Several media outlets examine how some states are signing up tens of thousands of new Medicaid enrollees in the first month of the health law's rollout, while enrolling fewer people in private insurance policies. In addition, Pennsylvania Gov. Tom Corbett touts his alternative to Medicaid expansion using private insurance.
The Wall Street Journal: States Report Medicaid Surge After Health-Law Rollout
Some states are signing up tens of thousands of new Medicaid enrollees in the initial weeks of the health law's rollout, while placing far fewer in private health insurance—a divergence that suggests Medicaid expansion may be a larger part of the law than expected. In one sense, the Medicaid figures are good news for the Affordable Care Act's advocates, who hoped the law would reduce the number of Americans without health insurance (Schatz and Dooren, 10/27).

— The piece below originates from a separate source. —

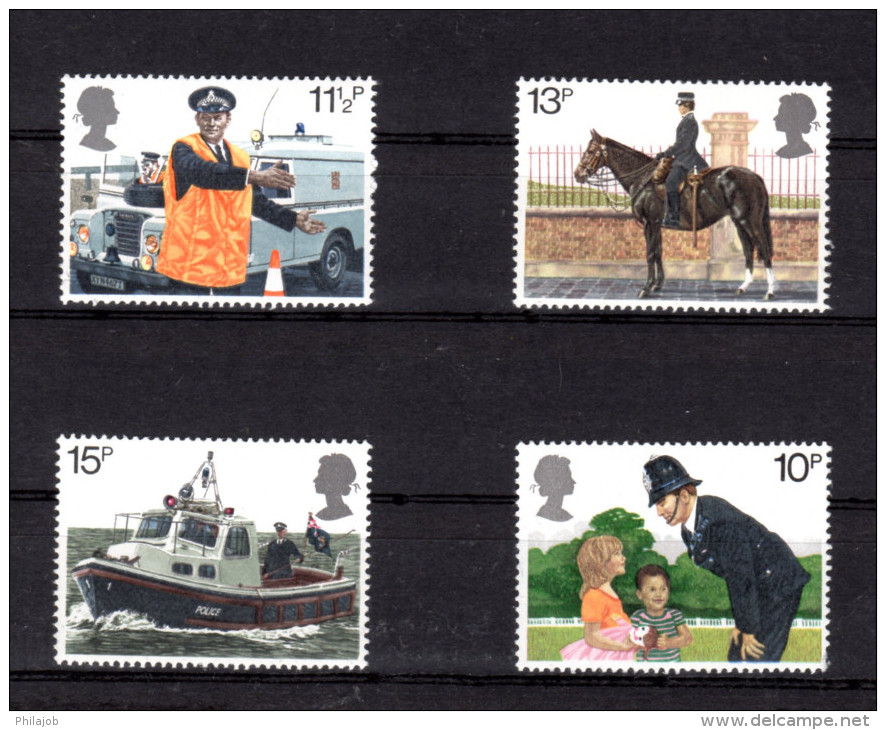 GB : Série Complète " POLICE " Neuve ** MNH. Parfait état. - Polizia – Gendarmeria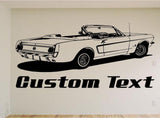 1965 Classic Car Wall Decal - Stylish Vinyl Sticker for Boys Room Decor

Kaiser Health News: Pennsylvania Governor Talks Up Plan To Expand Medicaid His Way
Pennsylvania Gov. Tom Corbett may have kept an eye this week on his fellow Republican governor in Ohio, John Kasich, as Kasich bypassed his own Republican legislature to expand the state’s Medicaid program. As part of the Affordable Care Act, states have the option to give coverage to low-income adults, with the federal government picking up most of the tab. Only about half the states so far have planned to do that, starting Jan. 1, and Pennsylvania has, so far, not been among them (Gordon, 10/25).
CBS News: Medicaid Enrollment Spike A Threat To Obamacare Structure?
As the Obamacare website struggles, the administration is emphasizing state-level success. President Obama said Monday, "There's great demand at the state level as well. Because there are a bunch of states running their own marketplaces." But left unsaid in the president's remarks: the newly insured in some of those states are overwhelmingly low-income people signing up for Medicaid at no cost to them. Matt Salo, executive director of the National Association of Medicaid Directors, said, "We're seeing a huge spike in terms of Medicaid enrollments” (Crawford, 10/25).
Related, earlier KHN coverage:
Kaiser Health News: In Some States, Most Early Marketplace Enrollees Qualify For Medicaid
Shoppers applying for private health coverage through the marketplace have to pay their first monthly premium before they are fully enrolled. Their first payment must be made by Dec. 15 for coverage to take effect Jan. 1. Most are expected to be eligible for some tax credits, up front, to help pay the monthly premiums.